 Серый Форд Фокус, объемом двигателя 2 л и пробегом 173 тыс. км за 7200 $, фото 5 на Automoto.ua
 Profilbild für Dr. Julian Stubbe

* * *

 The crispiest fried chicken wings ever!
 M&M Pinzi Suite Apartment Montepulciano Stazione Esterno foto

# [Work to complete]
From the entries above, restate word for word the lines from the line containing "Серый Форд Фокус, объемом" to the line containing "Profilbild für Dr. Julian Stubbe", both ends included, and nothing more.

# [Answer]
 Серый Форд Фокус, объемом двигателя 2 л и пробегом 173 тыс. км за 7200 $, фото 5 на Automoto.ua
 Profilbild für Dr. Julian Stubbe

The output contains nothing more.